The Dreadful Hours

Chris Fittock
Tmesis Theatre
Tristan Bates Theatre
(2010)

Publicity photo

Created by performers Yorgos Karamalegos and Elinor Randle with director Javier Marzan and Chris Fittock, this is the first time this company have worked with a writer, combining their brand of physical theatre with segments of dialogue.

It takes two people - we first see them dressing to go out for the evening alternately lit on opposite sides of the stage - and gives us the peaks and troughs of their relationship. From meeting in a bar and being instantly attracted to a disco sequence of initial passion, they are suddenly a settled couple: she adjusting his tie, he fastening her pearls. Things then settle into the banality of life, interspersing an endless meal in a restaurant with fighting their way against the gales of life or scaling precarious heights of endearment or mutually considerate sex.

There are some extremely accomplished physical moments as, for instance, when ready to go out at the beginning, they both of them shrink back into themselves with nervousness or, when standing on top of a table, they make you feel they are on a high precipice. However, going by the evidence of promotional videos (this is the first time I have seen the company perform); this piece seems less obviously inventive than some of their previous work.

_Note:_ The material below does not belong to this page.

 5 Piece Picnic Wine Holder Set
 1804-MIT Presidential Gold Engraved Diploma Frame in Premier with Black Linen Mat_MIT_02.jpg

The dialogue sometimes uses repetition in much the same way as a choreographer will repeat a dance phrase and, though it captures the irritation that develops in a relationship, as in the woman continually correcting the man's errors in idiomatic English, it is all too successfully banal. Some of the action, like the woman's pouring of wine for herself, her table manners or the man's cleaning fetish, emphasise the way annoying behaviour become exaggerated when you are continually exposed to it and I presume a sequence with an apple is about shifting responsibility and guilt to the male instead of the female of Genesis.

Dialogue is rather awkward and sometimes incomprehensible, but that may be intentional. It certainly lacks the fluency of the music which powers the show and which is beautifully matched to the action. However, I couldn't help feeling that the performers thought they were conveying something of much greater import than what they got through to me. It is a show that is dangerously titled - even though it runs only 60 minutes. It could well seem pointless if less well performed but rethought with rigour and pushed further it has the possibility of turning into something quite brilliant.